Comment: Kudos to Ms. Massey for her detailed research into the history of Kimonos. I found it fascinating and well done. If only she had been half as diligent in her research on Washington DC, it would have made for a much more compelling read. For example, there are no video surveillance cameras on the metro, the Asian Reading Room in the Library of Congress only provides Asian language books. Any book in english would have been in the main reading room and it would take quite awhile to obtain the book, etc.

She really seems to work mostly in stereotypes and doesn't seem to provide any real depth to any of her characters. There are so many implausible plot points, many of them that were left unanswered and also leaving us with no clue as to why there were there in the first place. I would elaborate on specific issues but do not want to give away any of the plot. Also, she likes to throw red herrings all over the place, simply for the sake of throwing us off the scent, and not for any real story moving reason. It just got annoying. Finally, when we were heading towards the denouement, it picked up a real rushed feeling and everything was resolved neatly, but not in a way that I found satisfying. The villian was fairly obvious early on despite all her bad red herrings.

I'm going to read another one of her books simply because what she did well in this book was worth giving another of her books another chance. ANd that was her ability to bring Japanese culture to exciting life.

Customer Rating: Average rating of 5/5Average rating of 5/5Average rating of 5/5Average rating of 5/5Average rating of 5/5
Summary: Painful existence of konketsujin=rude for half blood person
Comment: This 5th volume in the Rei Shimura series has fascinating detail about the many types of kimono, undergarments, appropriate use and the difficulty in dressing.

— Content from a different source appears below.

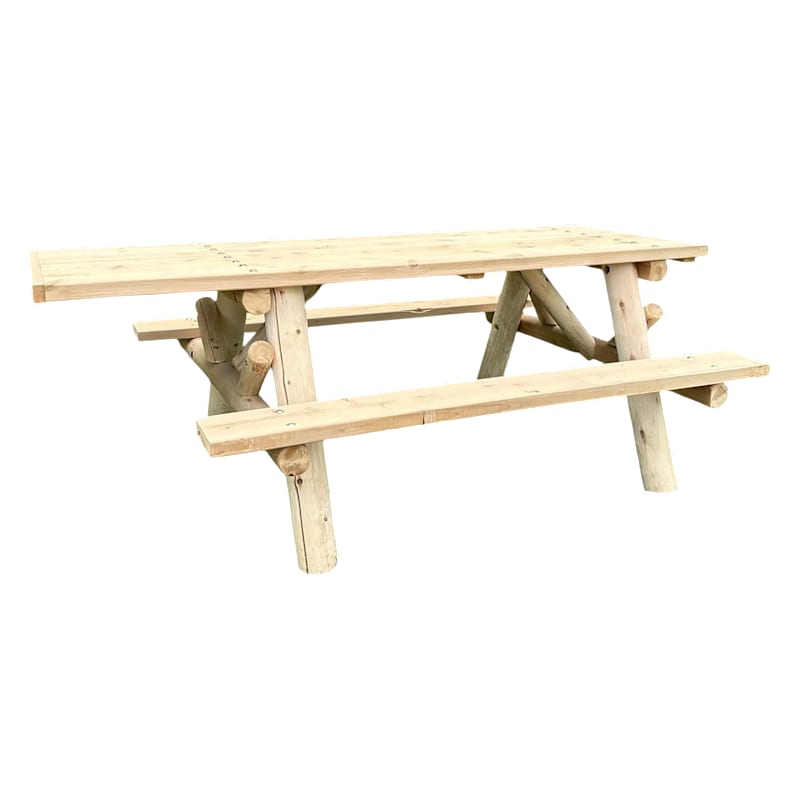 Lakeland Mills 6' ADA Cedar Log Picnic Table with Attached Benches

Rei Shimura 29yo antiques dealer from Tokyo, her blond blue eyed interior decorator mom and Japanese psychiatrist father reaffirm family no matter the complexion amidst murder involving a stolen antique wedding kimono, a Uchikake.

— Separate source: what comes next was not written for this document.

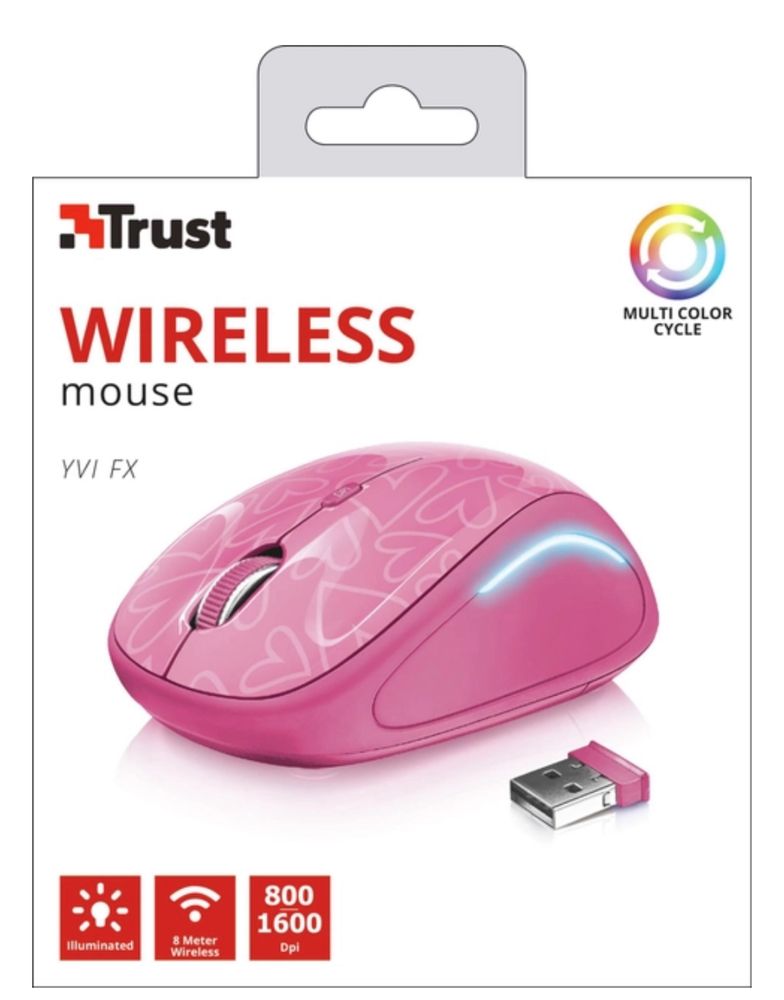 Миша Trust Yvi FX Wireless Pink Мишка Компьютерная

The poignancy of Rei's life as not quite Japanese, not quite American, always feeling misunderstood, demeaned, denigrated for not being quite either is touching.

Her spirited attempts to rebuff both Japanese and American perceived slights, misconstrued interpersonal signals, are all tied to her ethnic identity and expectations confusion. Rei's impulsive gestures of self protection, compassion and passion lead to unintended (usually adverse) consequences, including murder, being mistaken as thief and prostitute.

Rei's emotional intensity, sexuality, strong willed behavior are inherited from a mother who flew in the face of convention to marry a Japanese man. Reserve, a sense of shame when addressed with rude verb forms or appellations not normally spoken aloud, and the need to restore honor, family, security, safety are the legacy of a Japanese psychiatrist father.

Somehow in each book of the series (this is the 5th) the yin yang of honor and shame are played out in the public eye, the murders so notorious that Rei appears in the media misportrayed as a lady of the floating world. On the Asian side one feels her humiliation, shame, on the American side one feels her indignation, anger, desire to do something to make it right. . . an impulse which often goes awry.

The emotions of the half blood children of many wars, occupations, their exclusion from polite society, rejection as appropriate candidates for marriage, are well carved as Rei is abandoned by Scotch boyfriend Hugh in the first book The Salaryman's Wife, and in Bride's Kimono rejected by her boy friend Takeo's family.

For this alone the series is worth examining if you have any interest in the loss of dignity and self which comes from prejudice, subtle or overt.